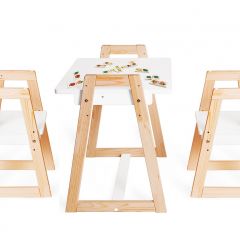 Комплект детской мебели стол и  два стула Я САМ "Лофт-Дуо" (Белый) в Камышлове - kamyshlov.mebel24.online | фото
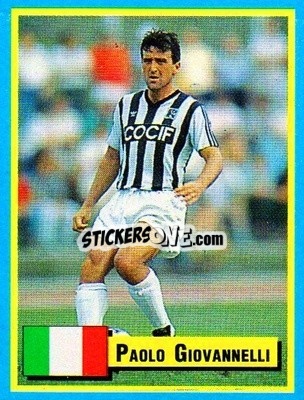 Sticker Paolo Giovannelli - Top Micro Card Calcio 1989-1990
 n. 47 - Vallardi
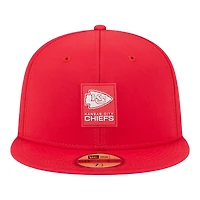 Kansas City Chiefs Red 2025 NFL Sideline New Era 59FIFTY Fitted Hat
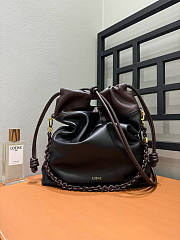 Loewe Flamenco Purse Tote Bag in Black/Dark Brown - 38x29x9cm - 1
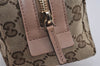 Authentic GUCCI Sherry Line Pouch Purse GG Canvas Leather 256636 Brown 2865J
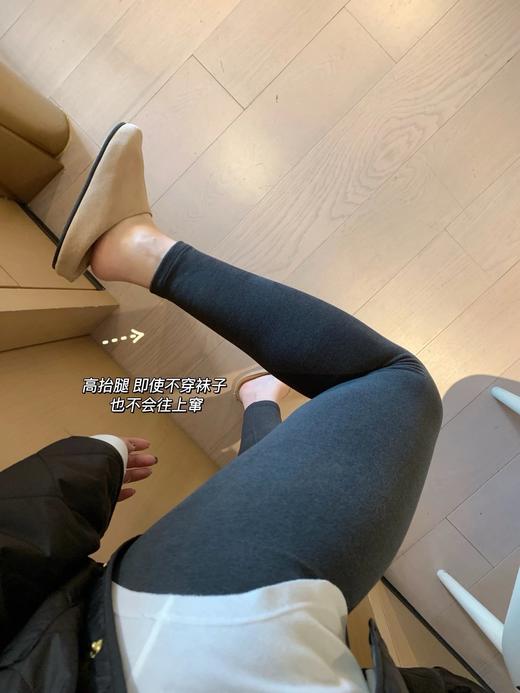 老姐妹人腿一条！超舒服！lulu款秋冬leggings高腰提臀保暖深冬澳绒裸感打底裤 商品图0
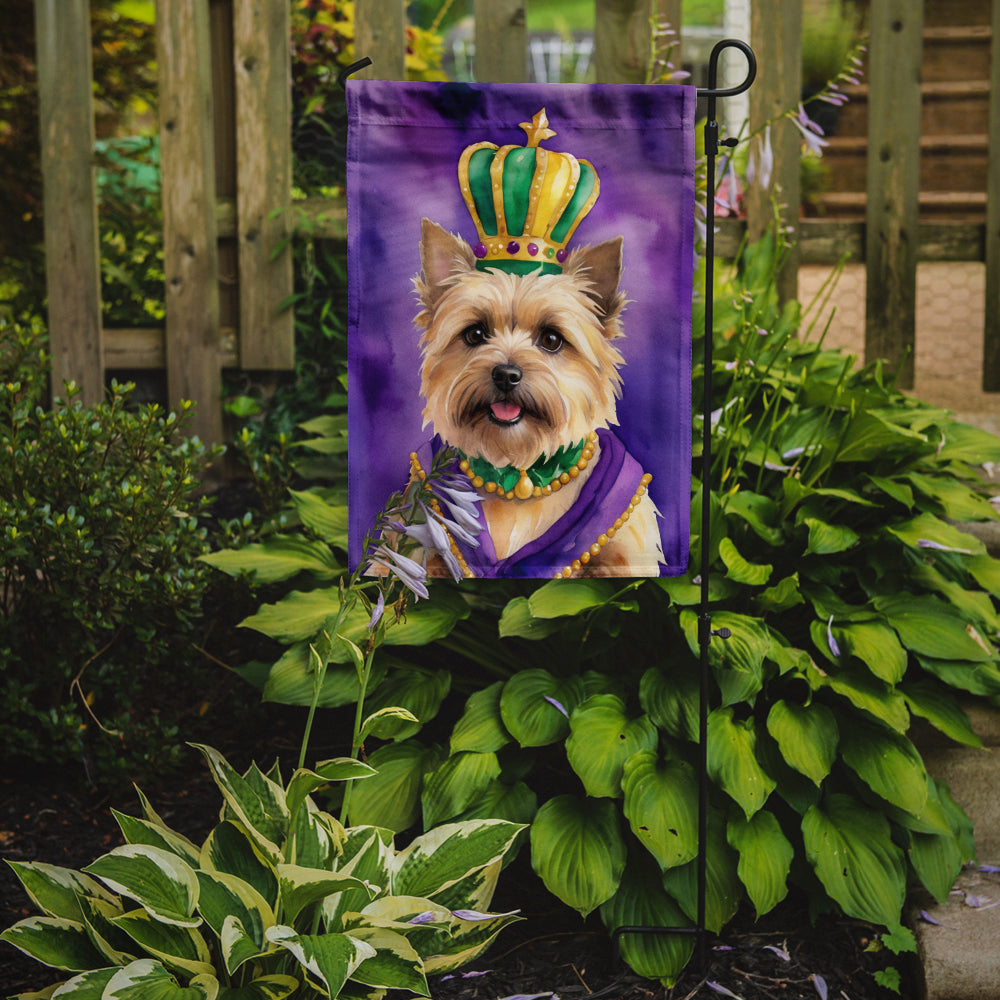Buy this Cairn Terrier King of Mardi Gras Garden Flag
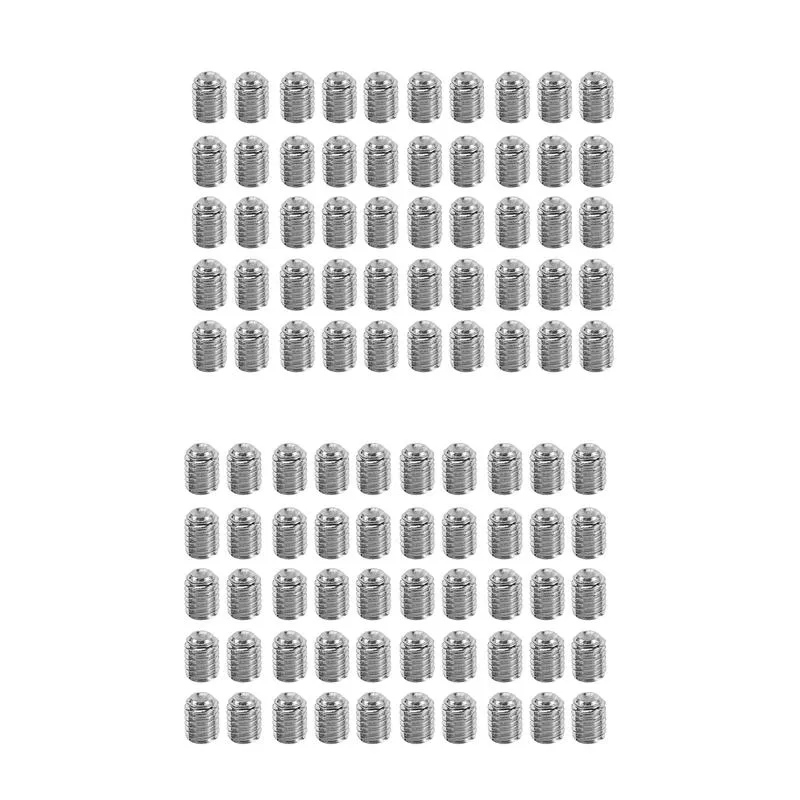 Handverktyg M3x4mm rostfritt stål Hex Socket Set Cap Point Grub Skruvar 100 st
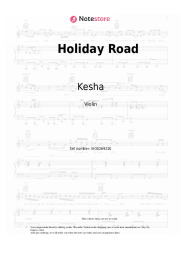Sheet music, chords Kesha - Holiday Road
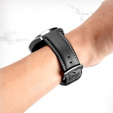 22mm Genuine Leather Coated Silicone Watch Band - Brown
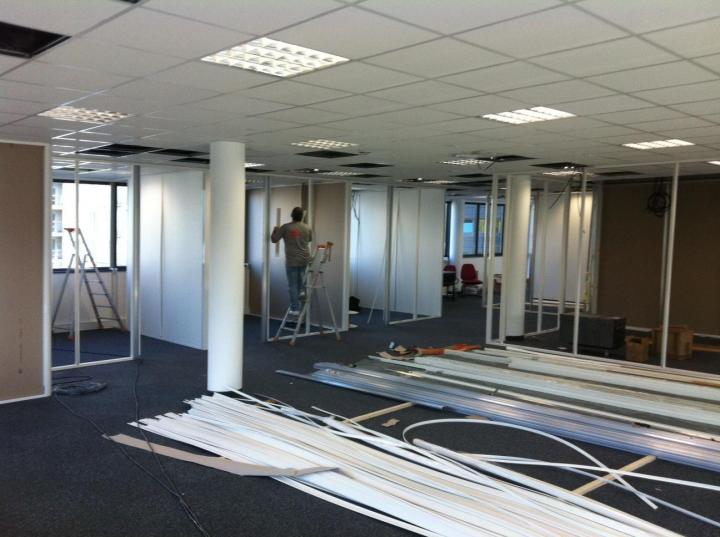 Cloisons Modulaire pour bureaux Pari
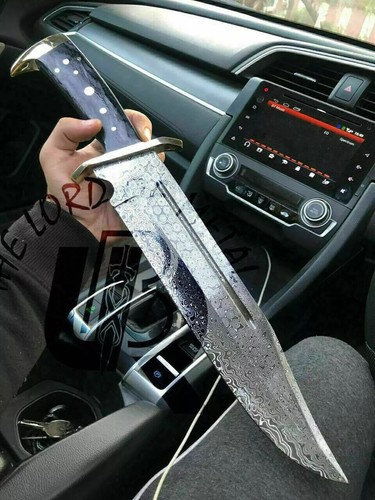 Coltello bowie sonaglio - sonaglio, legno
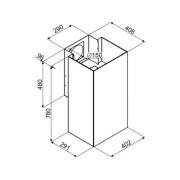 Вытяжка MAUNFELD BATH 402 чёрный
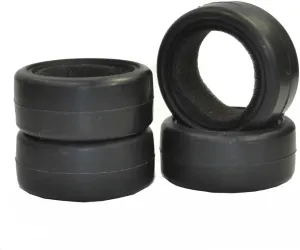 4pcs Compatible 1/10 Racing Soft Wheel Tires with Sponge Liner Compatible with TT01 TT02 RC On Road Drift Car Upgrade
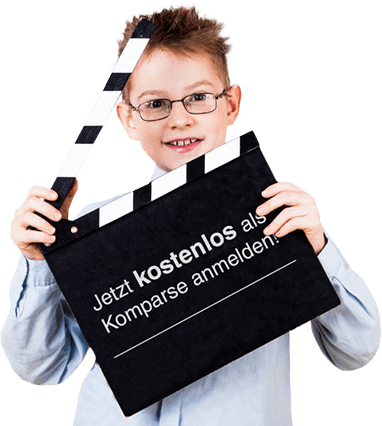 Junge mit Filmklappe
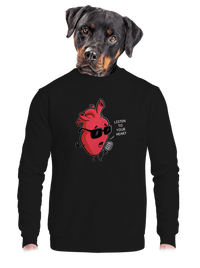 unisex mikina bez kapuce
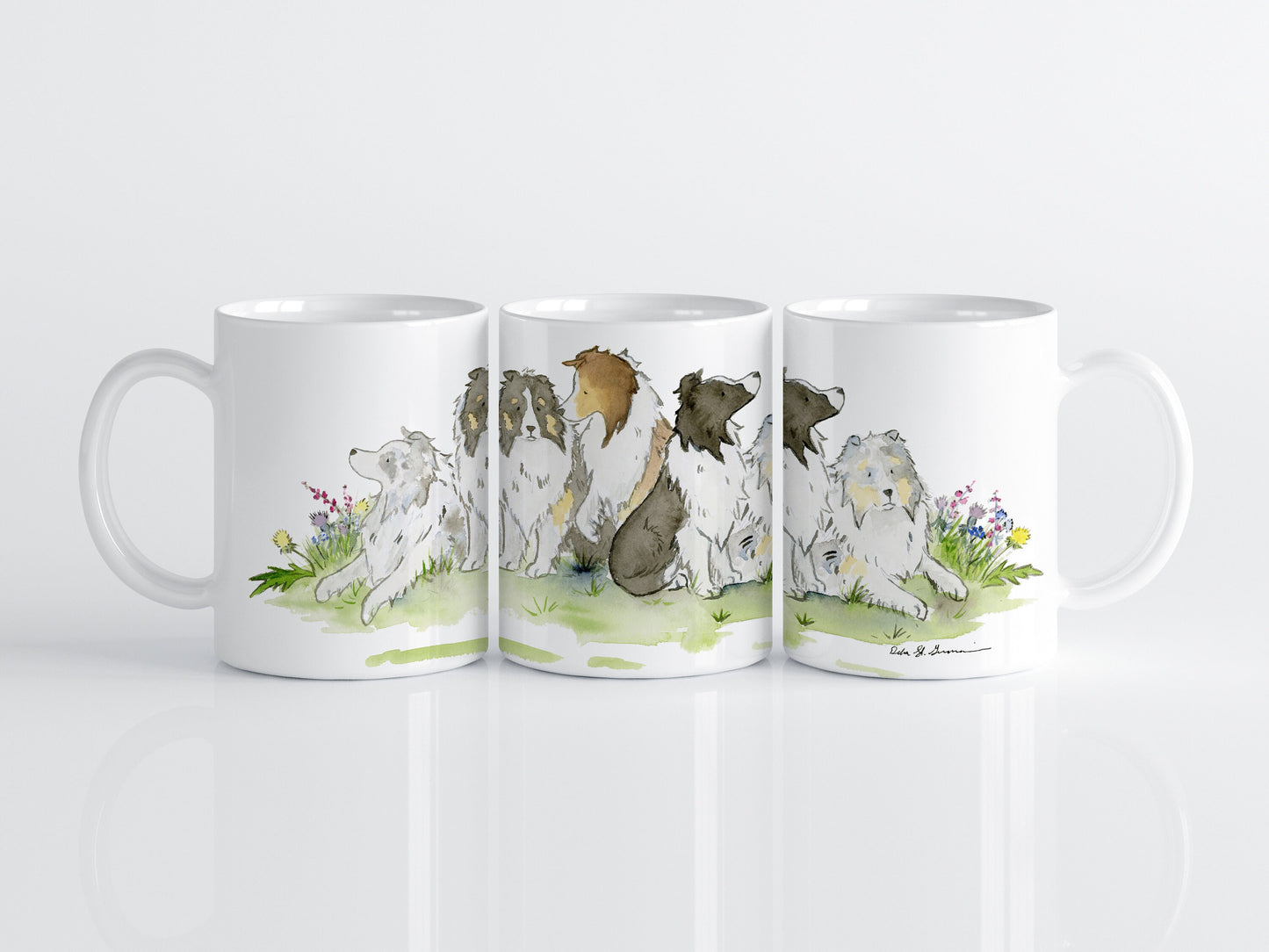 Shetland Sheepdog Mug, Gift for Sheltie Lovers
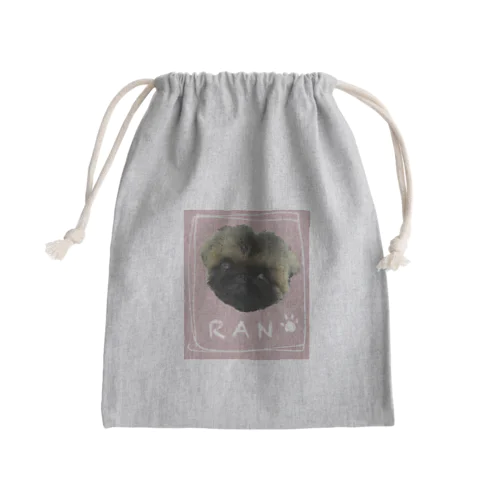 ペキニーズのランくん Mini Drawstring Bag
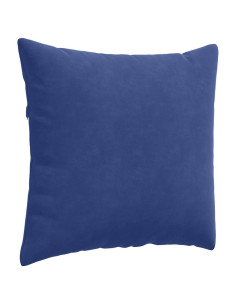 Cuscini da Divano 2 pcs Blu Polizia 50 x 50 cm Tessuto in Cords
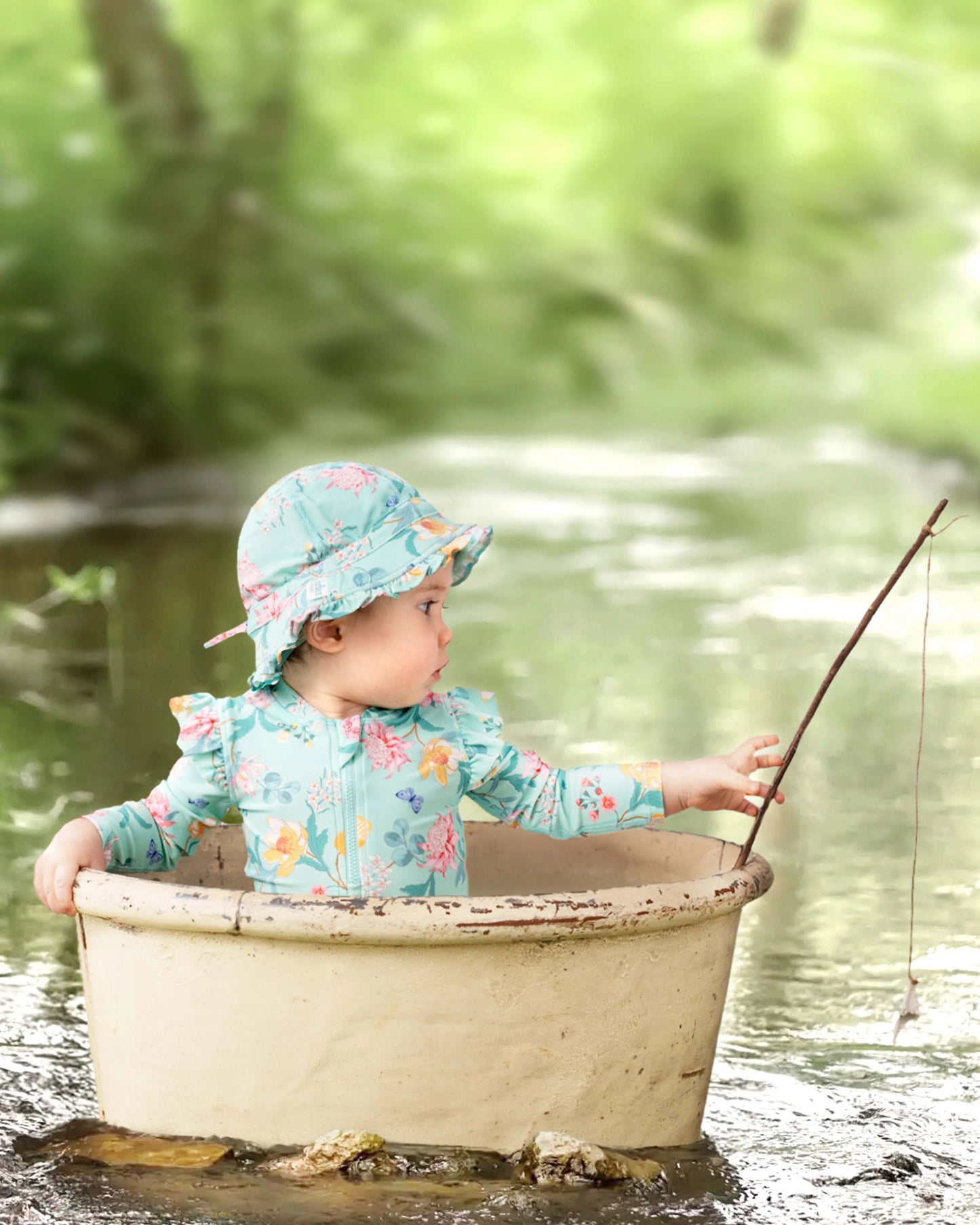 Toshie Swim Hat - Waratah Mint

» Exercise objective: In the listing above, find the line with "Kansas City Chiefs" and the line with "Вытяжка MAUNFELD BATH 402 чёрный". Copy both of them and every line between, exactly, but not the pictures.

» Reply:
 Kansas City Chiefs Red 2025 NFL Sideline New Era 59FIFTY Fitted Hat
 Loewe Flamenco Purse Tote Bag in Black/Dark Brown - 38x29x9cm - 1
 Authentic GUCCI Sherry Line Pouch Purse GG Canvas Leather 256636 Brown 2865J
 老姐妹人腿一条！超舒服！lulu款秋冬leggings高腰提臀保暖深冬澳绒裸感打底裤 商品图0
Buy this Cairn Terrier King of Mardi Gras Garden Flag
 Handverktyg M3x4mm rostfritt stål Hex Socket Set Cap Point Grub Skruvar 100 st
Sheet music, chords Kesha - Holiday Road
 22mm Genuine Leather Coated Silicone Watch Band - Brown
 Cloisons Modulaire pour bureaux Pari
 Coltello bowie sonaglio - sonaglio, legno
 Вытяжка MAUNFELD BATH 402 чёрный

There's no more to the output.